The players place one pencil crosswise atop another pencil. After reciting the formula "Charlie, Charlie, are you here?" they wait to see if the top pencil will move.
In some videos, it clearly does move. Could it be blown by someone's breath or moved by a hidden wire? That's certainly possible. But the reactions of the participants (who start screaming and sometimes run away) seem genuine enough. Maybe they're just good actors. Maybe not.
Since I already think there's good evidence for macro PK, I wouldn't be too surprised to see an example of it spreading via social media.
In a way, it's the 21st century equivalent of the 19th century's table-tipping craze. In both cases, ascribing the phenomenon to supernatural forces, rather than to PK, could be psychologically useful as a defense mechanism. ("Fear of psi" may inhibit the phenomena, as discussed by Stephen E. Braude in this essay.)
The fact that most of the "Charlie" players are teens may also be relevant. Teenagers seem more likely to display PK talents. Most poltergeist cases, which arguably are manifestations of PK, center on troubled adolescents.
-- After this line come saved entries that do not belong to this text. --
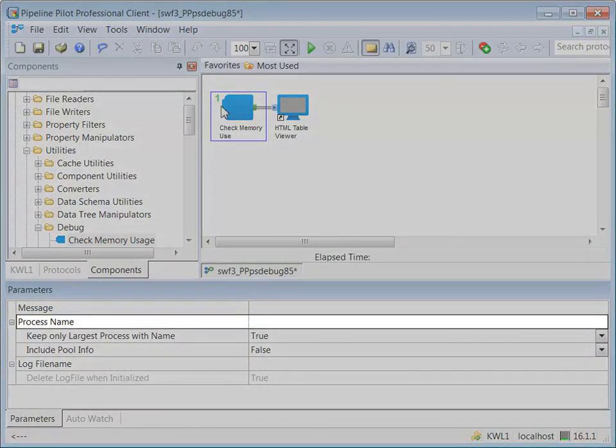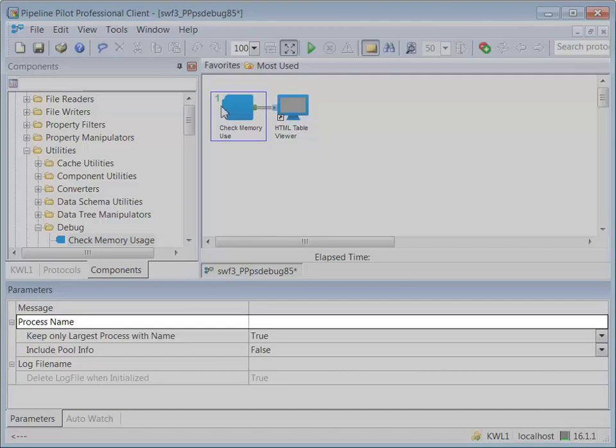ProcessName is the name or names of processes to consider. Multiple names can be given as a comma-separated list. If this parameter is left blank, all processes are returned.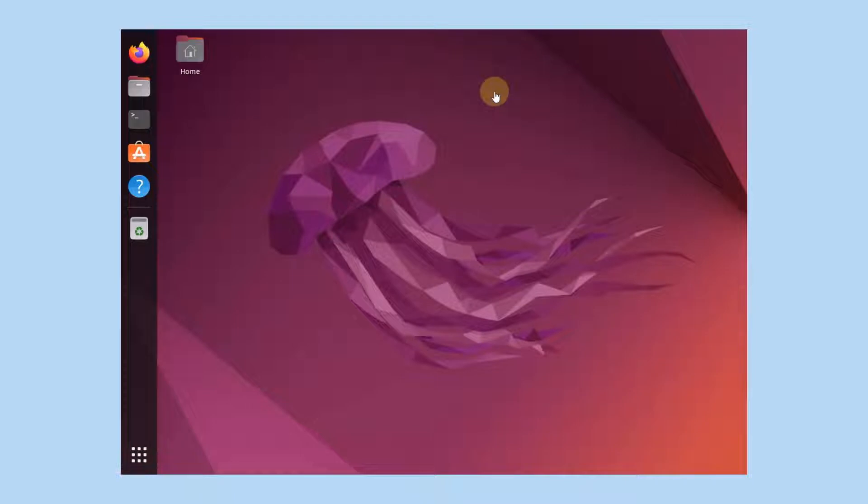Hello and welcome to the TechBits YouTube channel. In this video we're going to be going through how you can install Postgres 14 on Ubuntu 22.04. Let's get started.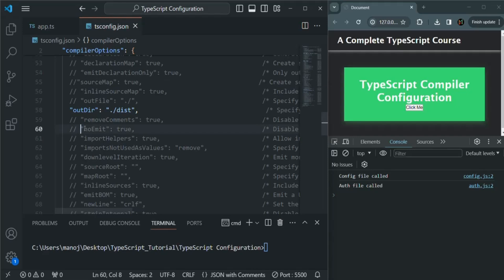What this NoEmit option does is, it simply tells the TypeScript compiler to not generate the outputted JavaScript file. So when we set this NoEmit option to true, it will not generate any JavaScript file after the TypeScript file has been compiled.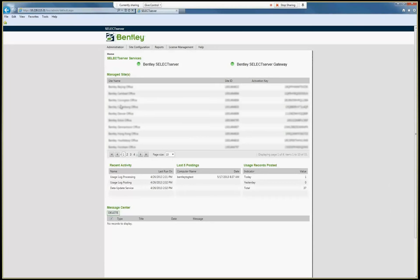So now we connected using an administrator account who has rights to open the administration site. So that's the way you configure select server in such a way that not everyone is able to open the administration side.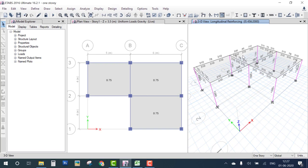After analysis, we design the RCC. Select the load combination, go to Design Concrete, and start the design. You can see numbers on the columns and beams — these numbers represent the reinforcement area in mm². Note that ETABS does not design slabs; it only designs beams and columns.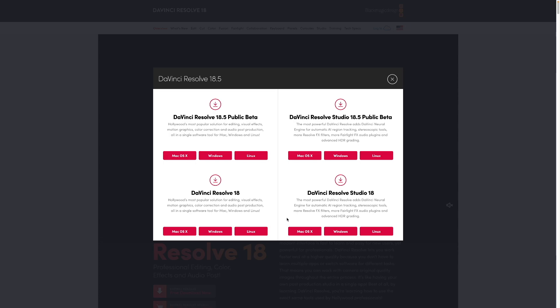And now for the key difference. The DaVinci Resolve Studio 18.5 public beta or whatever public beta is available here at the top. Now this is like all of your new features and stuff, features that are technically coming to DaVinci Resolve, but it's not in a full stable release.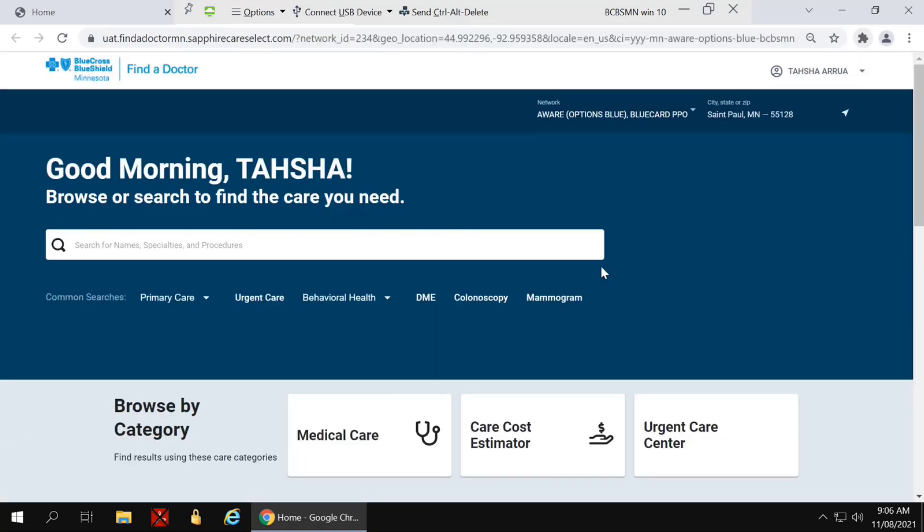It will open a new window and present the new Find a Doctor and Cost Lookup tool. Once you land on the page, look in the upper right-hand corner and make sure that's the location that you want to search. It should default automatically to your networks, and then you can search.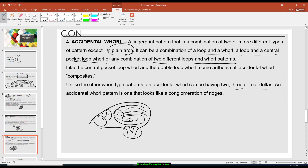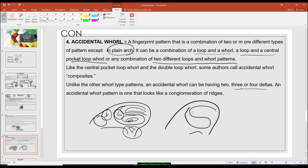That is the accidental whorl. It could also be the reverse — this will be a loop and this will be a circuiting pattern. But again, there must be two or three deltas found in that pattern.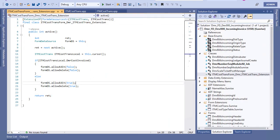Now for creating a standard form data source active method extension, you should use this kind of code sample. I hope it's valid. Thank you.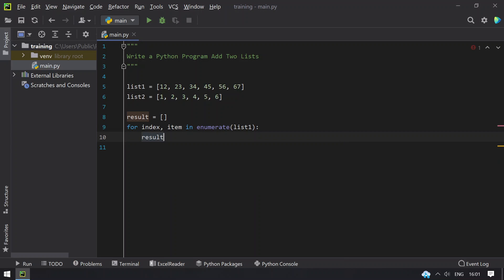So that is result plus equals to directly append it to the list.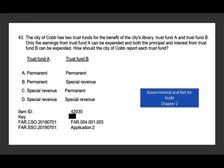Next question. The city of Cobb has two trust funds for the benefit of the city's library — trust fund A and trust fund B. Only the earnings from trust fund A can be expended, and both the principal and the interest from trust fund B can be expended. So trust A, you can only spend the earnings; trust B, you can spend everything. How should the city report each trust? For trust A, since you can only spend the earnings, it's a permanent fund — this is the definition of a permanent fund. Immediately I take out C and D because they do not classify trust A as a permanent fund.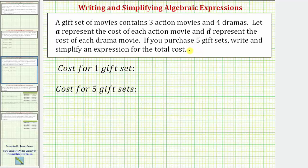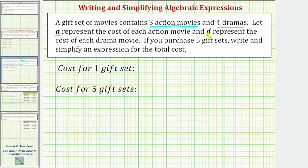Let's first write an expression for the cost of one gift set, then we'll write the expression for the cost of five gift sets. Each gift set contains three action movies — the cost of each action movie is represented by the variable A — and four dramas, with the cost of each drama represented by the variable D.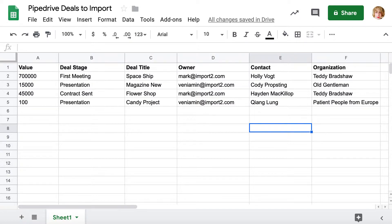It can be very time-consuming to add records into Pipedrive manually. I will show you how to add deals into Pipedrive from a file in a couple of easy steps.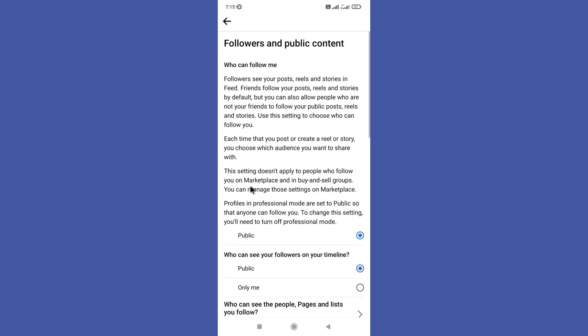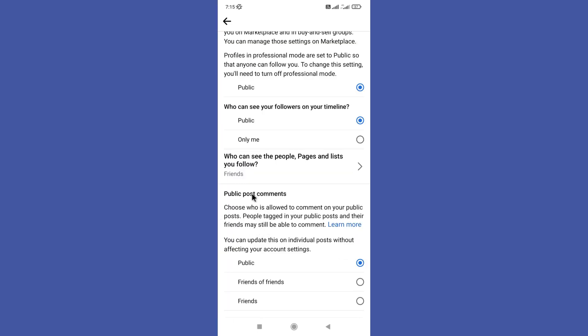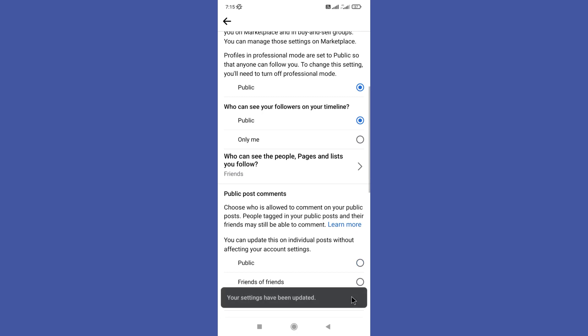Here you can find Public Post Comments. Finally, you need to select the Friends option. Then only your friends can comment on your posts. No other outsiders can comment on your posts. Your comment section is now hidden.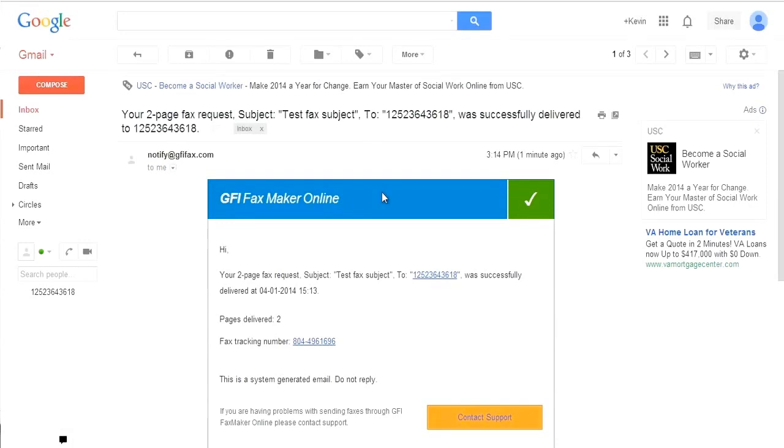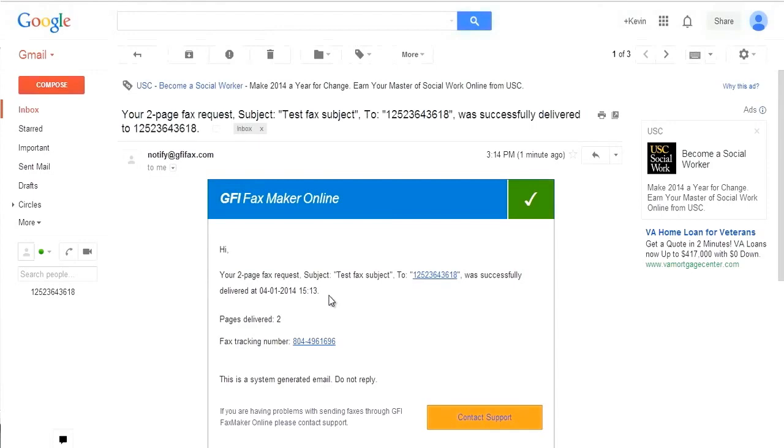If the fax failed to send, you would receive a similar notification with an explanation as to why the fax failed. For example, a busy tone or no answer.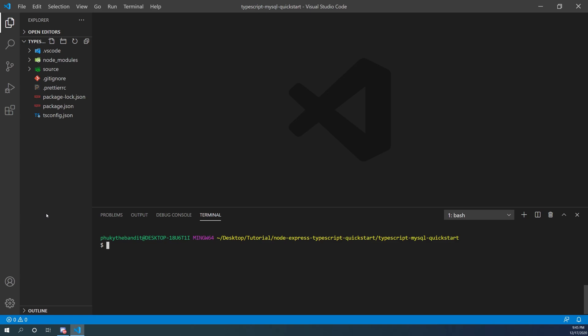Today we're going to be taking a look at how to take a RESTful API that uses Node.js, Express, and TypeScript and connect that to a MySQL database. I'm going to be creating the MySQL commands manually — I'm not going to be using a wrapper like Sequelize. These are going to be my own promise functions. Let's not waste any time and get right into it.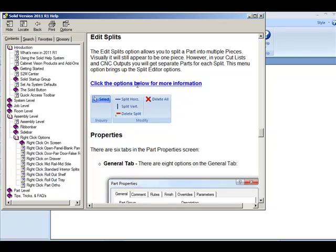The Edit Splits option allows you to split a part into multiple pieces. Visually, it will still appear to be one piece. However, in your Cut List and CNC Outputs, you will get separate parts for each split. Let's take a look.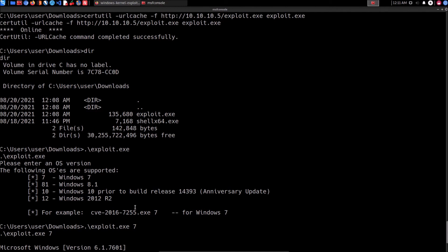We have successfully elevated our privileges by exploiting the Windows kernel manually. I've also covered automated techniques such as using Metasploit, as well as how to compile exploit code — which is actually recommended over using pre-built binaries, as pre-built binaries could contain malicious code. We simply want to elevate our privileges safely. That's it for this video — I'll see you in the next CIA video for this book.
Unfortunately, since the Charlie phenomena appear to depend on spontaneity, they may be impossible to study scientifically. Setting up an experiment in a lab would probably make the procedure too formal and create the tension of high expectations. A lighthearted attitude — not taking the whole thing too seriously — may well be crucial to success. This was true of table-tipping also; it had to be approached as a parlor game, with the players singing songs and making light conversation. Again, this is probably a defense mechanism to deal with fear of psi.